Some sources assert that Ebenezer went on to service in the Continental Army. In an 1885 book listing men from New Hampshire who fought in the Revolution, an Ebenezer Colburn appears in a company under the command of Colonel Timothy Bedel in June 1776. Bedel was famous for his role in the ill-fated invasion of Canada the year before. Most of his regiment was captured at the Battle of the Cedars, and later exchanged for British soldiers.

Coincidentally, another Ebenezer Colburn of military age lived in a town next door to Princeton. He was a descendant not of emigrant Nathaniel but of the other prolific emigrant Colburn, Edward. (As if the two families conspired to confuse genealogists, his father was named Nathaniel.) This Ebenezer became First Lieutenant in the First Leominster company of Colonel Abigah Stearn’s Eighth Worcester Regiment on March 24, 1776.

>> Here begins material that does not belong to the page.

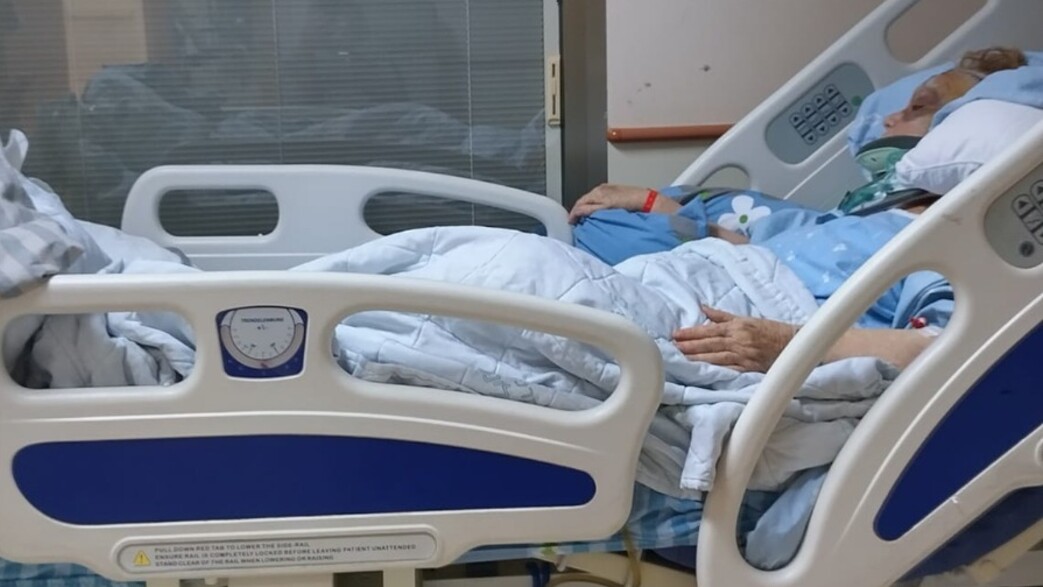 עדנה כהן שנפצה כאשר רצה לממ"ד בזמן תרגול אזעקה בשר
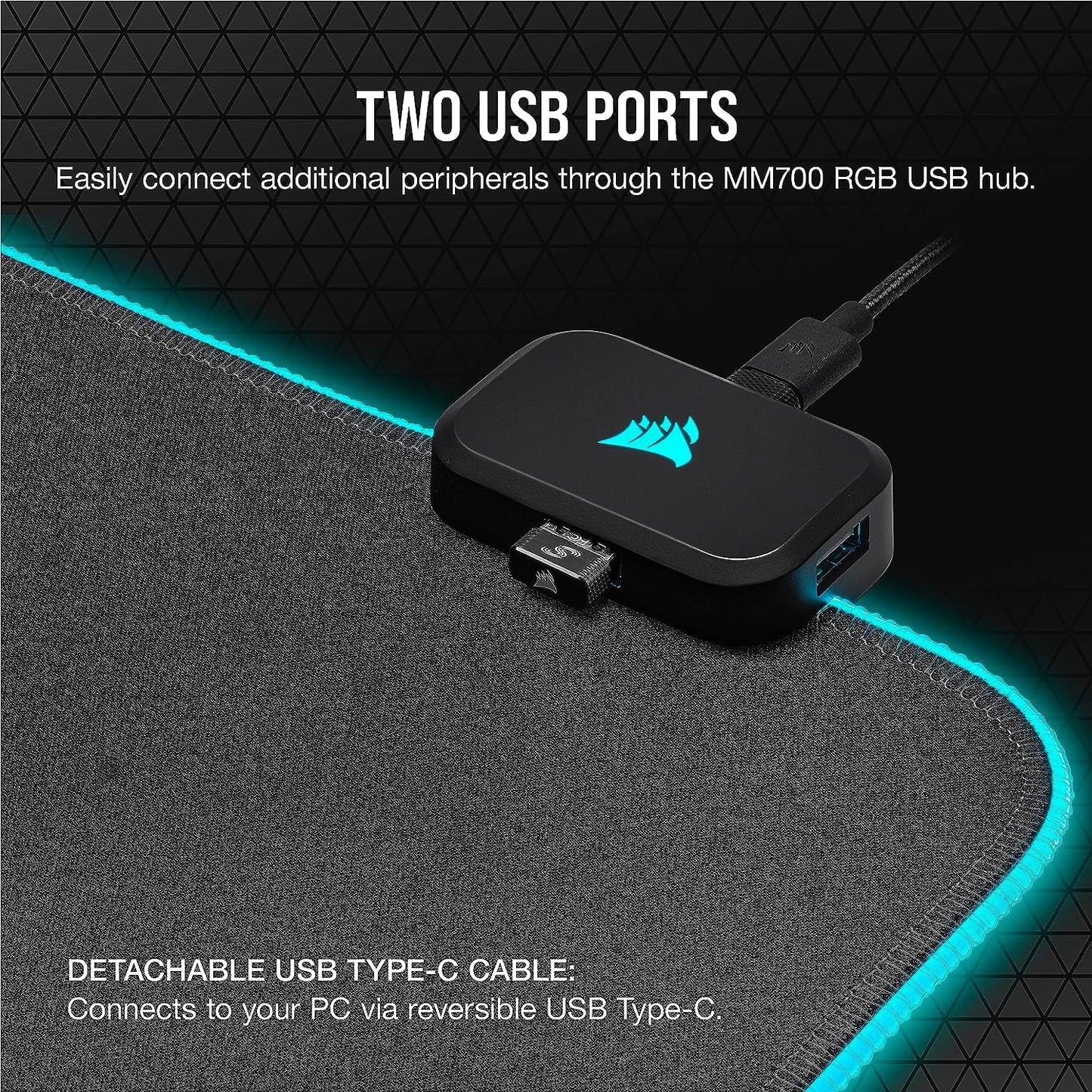 Corsair MM700 RGB Extended Gaming Mouse Pad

In a list of soldiers in a New Hampshire-based regiment of the Continental Army in 1776, an Ebenezer Colburn appears among the Privates. Ref

Genealogies of both Colburn families (and applications for D.A.R. membership) claim their Ebenezer as the private in Bedel’s regiment. (Some genealogies also erroneously list Princeton Ebenezer as a member of the Leominster militia.) Leominster Ebenezer was 46 in 1775, and also had young children. An 1897 History of Worcester County is quite detailed about the events of his life, but does not mention the Continental Army. Since he was made an officer in the Massachusetts militia in March 1776, it seems doubtful that three months later he would have somehow enlisted as a private in the Continental Army.

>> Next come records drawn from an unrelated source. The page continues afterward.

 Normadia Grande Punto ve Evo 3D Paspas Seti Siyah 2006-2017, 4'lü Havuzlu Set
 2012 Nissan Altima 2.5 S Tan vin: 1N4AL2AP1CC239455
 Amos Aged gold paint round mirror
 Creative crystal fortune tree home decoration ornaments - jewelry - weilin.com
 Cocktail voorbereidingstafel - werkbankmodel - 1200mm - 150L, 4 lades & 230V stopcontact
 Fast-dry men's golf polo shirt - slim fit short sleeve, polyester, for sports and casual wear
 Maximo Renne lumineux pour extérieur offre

That either man would have enlisted in a New Hampshire regiment is unlikely. Although both towns are near the southern border of that state, most of Bedel’s Regiment came from the northern part of New Hampshire (perhaps the best place to recruit, if your plan is to invade Canada.) Princeton Ebenezer did later move to New Hampshire, a few years after the war, so he may already have had connections up north. A third Ebenezer Colburn of military age could have existed, though no other record of such a person survives. The simplest explanation is that Hammond’s 1885 list is in error, and neither Colburn served with Bedel in the Continental Army.

Redemption Rock

Another brush with recorded history concerns a granite ledge, situated on an Everett farm that likely briefly belonged to Ebenezer and Merch. A century earlier, during King Philip’s War, negotiations with Indians for the return of the captured wife of a Puritan minister were conducted at this spot. The state historical marker at the site reads:
Upon the rock fifty feet west of this spot Mary Rowlandson wife of the first minister of Lancaster was redeemed from captivity under King Philip. The narrative of her experience is one of the classics of colonial literature.

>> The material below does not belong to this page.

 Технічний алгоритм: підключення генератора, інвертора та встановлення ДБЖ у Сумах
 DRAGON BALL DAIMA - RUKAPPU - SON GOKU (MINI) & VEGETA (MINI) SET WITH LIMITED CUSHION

Redemption Rock, where the return of Mary Rowlandson was negotiated in 1676. She later told the story in The Sovereignty and Goodness of God: Being a Narrative of the Captivity and Restoration of Mrs. Mary Rowlandson.

Google Earth view of northern Princeton, MA in 2011. The roads in the 1870 atlas all still exist, but the area of the Colburn and Everett farms has mostly reverted to forest. Redemption Rock sits center top. At the bottom left, the north face of Mount Wachusett has been carved into ski trails.

In 1879 William F. Everett, a descendant of Joshua, sold half an acre containing Redemption Rock to a descendant of the man who had negotiated Mary Rowlandson’s release back in 1676. The rock passed down through his family until 1953, when it was purchased by the Trustees of Reservations, a Massachusetts land conservation and historic preservation organization.

North to New Hampshire

In 1779, eleven years after they moved to Princeton, Ebenezer and Mercy Colburn moved on to Rindge, NH.

The Constitution of the United States, ratified in 1789, specified that an "Enumeration" of the population would take place every ten years. In the first census of 1790, Ebenezer appears as head of household, living in Rindge with two “free white males under age 16 years" and two “free white females.”

Colburn family entry from the first United States census in 1790, shown below the categories from another version of the form. There are entries under "Free white Males of 16 years and upwards," "Free white Males under 16 years," and "Free white Females, but no entries under "All other free Persons" and "Slaves."

In the 1800 census, Free white Males and Free white Females are each given columns for five age brackets (under 10 10-16, 16-26, 26-44, and 45 and upwards.)

Living with Ebenezer and Mercy (each in the 45 and Upwards column) are one male under 10, one 16-26, and two females 20-44.W The male 16-26 is probably the youngest son, Isaac, born 1782.

In the 1810 census, the same categories were used as those for the 1800 census.)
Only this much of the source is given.